The Luca Guadagnino-directorial is a coming-of-age drama, led by Timothee Chalamet and Armie Hammer. Based on Andre Aciman’s novel by the same name, Call Me By Your Name revolves around a romantic relationship between 17-year-old Elio (Chalamet) and 24-year-old Oliver. It premiered at the Sundance Film Festival and was screened at the Berlinale as well as the Toronto International Film Festival, in 2017. The film had garnered Oscar nominations for the categories of Best Actor and Best Adapted Screenplay, and went on to win in the latter. It lost the Best Picture award to Guillermo del Toro’s fantasy film The Shape of Water.
Lady Bird (2017)
The film marked Greta Gerwig’s solo directorial debut, and looks into the life of a high school student and her strained relationship with her mother. Lady Bird features actors Saoirse Ronan, Laurie Melcalf, Timothee Chalamet, and Tracy Letts, among others. It premiered at the Telluride Film Festival and earned five nominations at the Oscars, namely, for Best Picture, Best Actress, Best Supporting Actress, Best Original Screenplay, and Best Director, but won in none of the categories.
Directed by Richard Linklater, Boyhood depicts the childhood and adolescence of Mason Evans Junior from ages six to eighteen, as he grows up in Texas with divorced parents. The film’s cast includes Patricia Arquette, Ellar Coltrane, Lorelei Linklater, and Ethan Hawke in prominent roles. Boyhood premiered at the Sundance Film Festival, and went on to earn Linklater the Silver Bear for Best Director at the Berlin International Film Festival. Apart from Best Picture, the film garnered nominations in five categories, namely, for direction, supporting actor and actress, editing, and original screenplay. Arquette was the only one to win an Oscar, while the film lost the rest to Birdman and Whiplash.

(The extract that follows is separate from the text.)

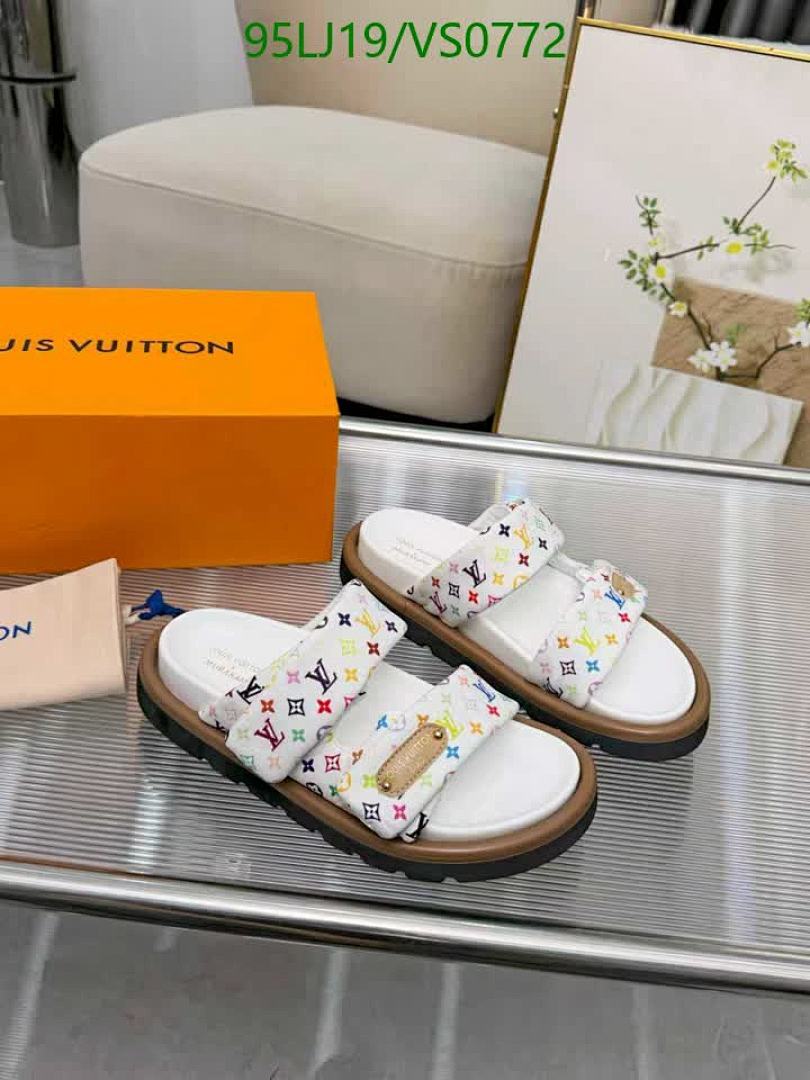 LV-Women Shoes Code: VS0772 $: 95USD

Lost in Translation (2003)
Headlined by Bill Murray and Scarlett Johansson, the Sofia Coppola-directorial follows the story of Bob Harris (Murray), who is dealing with a midlife crisis, and the events that follow after he meets and befriends Charlotte (Johansson) in Tokyo, Japan. Coppola went on to earn an Oscar for Best Original Screenplay and a nomination for direction, while Murray got nominated in the Best Actor category. The film lost the Best Picture bid to the fantasy film The Lord of the Rings: The Return of the King.
The Lee Isaac Chung-directorial was one of the most talked about films in the international feature film category across award functions. Featuring actors Steven Yeun, Han Ye-ri, Alan Kim, Noel Kate Cho, Young Yuh-Jung, and Will Patton in prominent roles, Minari is an American drama film about the relocation of a Korean family to the US during the 1980s, to live the ‘American Dream’. It earned six nominations at the 2021 Oscars, namely, for Best Picture, direction, original score, original screenplay, Best Actor for Yeun, and Best Supporting Actress for Youn, which she won and became the first-ever Korean actor to achieve the feat.

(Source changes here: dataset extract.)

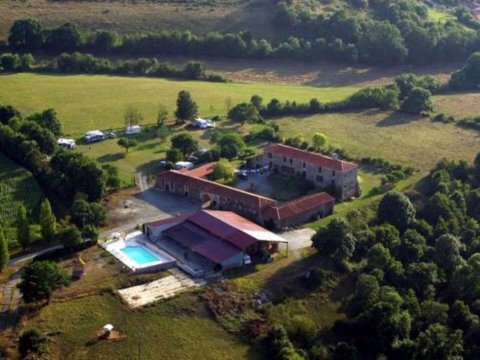 Manoir Courtyard Cottage Rental Vendee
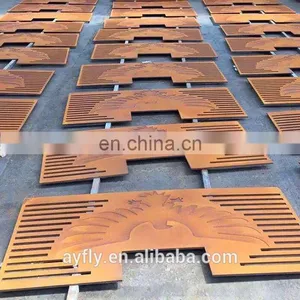 Corten Steel Plate Hot Rolled Weathering Steel Flange Plate thumbnail-5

Manchester by the Sea (2016)
Directed by Kenneth Lonergan, the film features actor Casey Affleck, Michelle Williams, Kyle Chandler, and Lucas Hedges. The story revolves around an asocial janitor named Lee Chandler (Affleck), who is entrusted with the care of his teenage nephew Patrick (Hedges), after the death of his brother. The film premiered at the Sundance Film Festival and was nominated in six categories at the Oscars, including for Best Picture. It won Affleck the Best Actor award, and earned an Oscar for original screenplay.

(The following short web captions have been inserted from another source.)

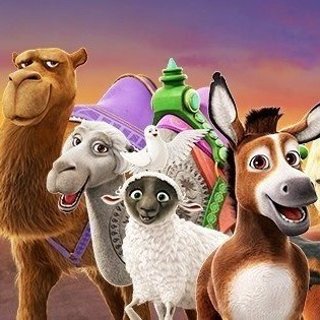 Poster of Sony Pictures Animation's The Star (2017)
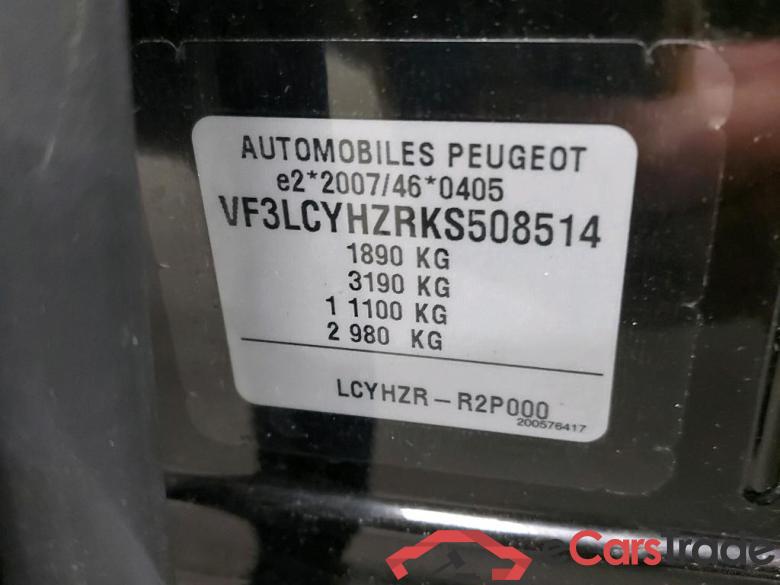 PEUGEOT - PEU 308 SW BlueHDi 130PK EAT8 GT Line Pack Driver Assist II & Side Assist & Towing Hook & Pano Roof #6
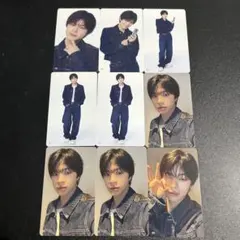 KO1KEYZ 照井康祐 ファンミ ラントレ 9枚 007 008 トレカ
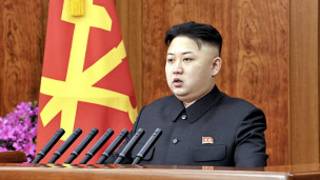 El líder norcoreano Kim Jong-un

The Kids Are All Right (2010)
The Kids Are All Right is directed by Lisa Cholodenko and looks into the married life of a lesbian couple, played by Annette Bening and Julianne Moore, who raise two teenage children together. The film premiered at the Sundance Film Festival and bagged four Oscar nominations including for Best Picture, but lost to Tom Hooper’s The King’s Speech, in that category.